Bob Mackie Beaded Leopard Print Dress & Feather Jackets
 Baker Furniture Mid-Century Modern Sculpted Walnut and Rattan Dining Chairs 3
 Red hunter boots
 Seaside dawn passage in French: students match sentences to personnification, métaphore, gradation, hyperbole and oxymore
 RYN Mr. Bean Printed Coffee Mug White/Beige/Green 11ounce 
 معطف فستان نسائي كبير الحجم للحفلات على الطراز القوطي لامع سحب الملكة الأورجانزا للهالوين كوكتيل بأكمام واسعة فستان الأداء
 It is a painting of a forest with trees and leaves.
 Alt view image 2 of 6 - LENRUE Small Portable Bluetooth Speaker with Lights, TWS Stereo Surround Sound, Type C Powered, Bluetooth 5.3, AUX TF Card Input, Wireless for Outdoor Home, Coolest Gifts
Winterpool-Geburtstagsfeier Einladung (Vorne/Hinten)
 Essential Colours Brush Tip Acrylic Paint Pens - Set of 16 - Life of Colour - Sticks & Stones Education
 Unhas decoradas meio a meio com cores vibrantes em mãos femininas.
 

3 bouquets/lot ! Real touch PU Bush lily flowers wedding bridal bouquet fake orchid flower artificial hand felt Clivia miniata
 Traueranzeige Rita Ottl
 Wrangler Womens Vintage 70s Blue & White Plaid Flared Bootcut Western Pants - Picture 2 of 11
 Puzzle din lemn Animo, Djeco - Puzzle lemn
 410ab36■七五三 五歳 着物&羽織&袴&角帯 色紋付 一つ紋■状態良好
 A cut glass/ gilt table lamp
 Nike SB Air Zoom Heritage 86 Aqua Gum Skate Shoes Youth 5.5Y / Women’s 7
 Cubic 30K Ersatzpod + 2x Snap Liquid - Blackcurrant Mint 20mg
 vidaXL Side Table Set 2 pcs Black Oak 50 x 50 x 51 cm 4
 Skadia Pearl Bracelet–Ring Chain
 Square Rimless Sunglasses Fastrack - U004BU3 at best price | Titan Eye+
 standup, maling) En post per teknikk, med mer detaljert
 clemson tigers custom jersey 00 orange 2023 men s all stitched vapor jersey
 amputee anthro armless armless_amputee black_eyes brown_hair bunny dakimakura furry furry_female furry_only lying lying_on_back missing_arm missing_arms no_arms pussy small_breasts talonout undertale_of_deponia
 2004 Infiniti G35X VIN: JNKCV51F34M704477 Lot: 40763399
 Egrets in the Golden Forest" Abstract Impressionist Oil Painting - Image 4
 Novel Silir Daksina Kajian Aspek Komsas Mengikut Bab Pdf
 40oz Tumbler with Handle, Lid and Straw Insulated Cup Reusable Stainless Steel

- **INSTRUCTIONS TO FOLLOW**:
Return all entries exactly.

- **RESPONSE TO THIS TASK**:
Bob Mackie Beaded Leopard Print Dress & Feather Jackets
 Baker Furniture Mid-Century Modern Sculpted Walnut and Rattan Dining Chairs 3
 Red hunter boots
 Seaside dawn passage in French: students match sentences to personnification, métaphore, gradation, hyperbole and oxymore
 RYN Mr. Bean Printed Coffee Mug White/Beige/Green 11ounce 
 معطف فستان نسائي كبير الحجم للحفلات على الطراز القوطي لامع سحب الملكة الأورجانزا للهالوين كوكتيل بأكمام واسعة فستان الأداء
 It is a painting of a forest with trees and leaves.
 Alt view image 2 of 6 - LENRUE Small Portable Bluetooth Speaker with Lights, TWS Stereo Surround Sound, Type C Powered, Bluetooth 5.3, AUX TF Card Input, Wireless for Outdoor Home, Coolest Gifts
Winterpool-Geburtstagsfeier Einladung (Vorne/Hinten)
 Essential Colours Brush Tip Acrylic Paint Pens - Set of 16 - Life of Colour - Sticks & Stones Education
 Unhas decoradas meio a meio com cores vibrantes em mãos femininas.
 

3 bouquets/lot ! Real touch PU Bush lily flowers wedding bridal bouquet fake orchid flower artificial hand felt Clivia miniata
 Traueranzeige Rita Ottl
 Wrangler Womens Vintage 70s Blue & White Plaid Flared Bootcut Western Pants - Picture 2 of 11
 Puzzle din lemn Animo, Djeco - Puzzle lemn
 410ab36■七五三 五歳 着物&羽織&袴&角帯 色紋付 一つ紋■状態良好
 A cut glass/ gilt table lamp
 Nike SB Air Zoom Heritage 86 Aqua Gum Skate Shoes Youth 5.5Y / Women’s 7
 Cubic 30K Ersatzpod + 2x Snap Liquid - Blackcurrant Mint 20mg
 vidaXL Side Table Set 2 pcs Black Oak 50 x 50 x 51 cm 4
 Skadia Pearl Bracelet–Ring Chain
 Square Rimless Sunglasses Fastrack - U004BU3 at best price | Titan Eye+
 standup, maling) En post per teknikk, med mer detaljert
 clemson tigers custom jersey 00 orange 2023 men s all stitched vapor jersey
 amputee anthro armless armless_amputee black_eyes brown_hair bunny dakimakura furry furry_female furry_only lying lying_on_back missing_arm missing_arms no_arms pussy small_breasts talonout undertale_of_deponia
 2004 Infiniti G35X VIN: JNKCV51F34M704477 Lot: 40763399
 Egrets in the Golden Forest" Abstract Impressionist Oil Painting - Image 4
 Novel Silir Daksina Kajian Aspek Komsas Mengikut Bab Pdf
 40oz Tumbler with Handle, Lid and Straw Insulated Cup Reusable Stainless Steel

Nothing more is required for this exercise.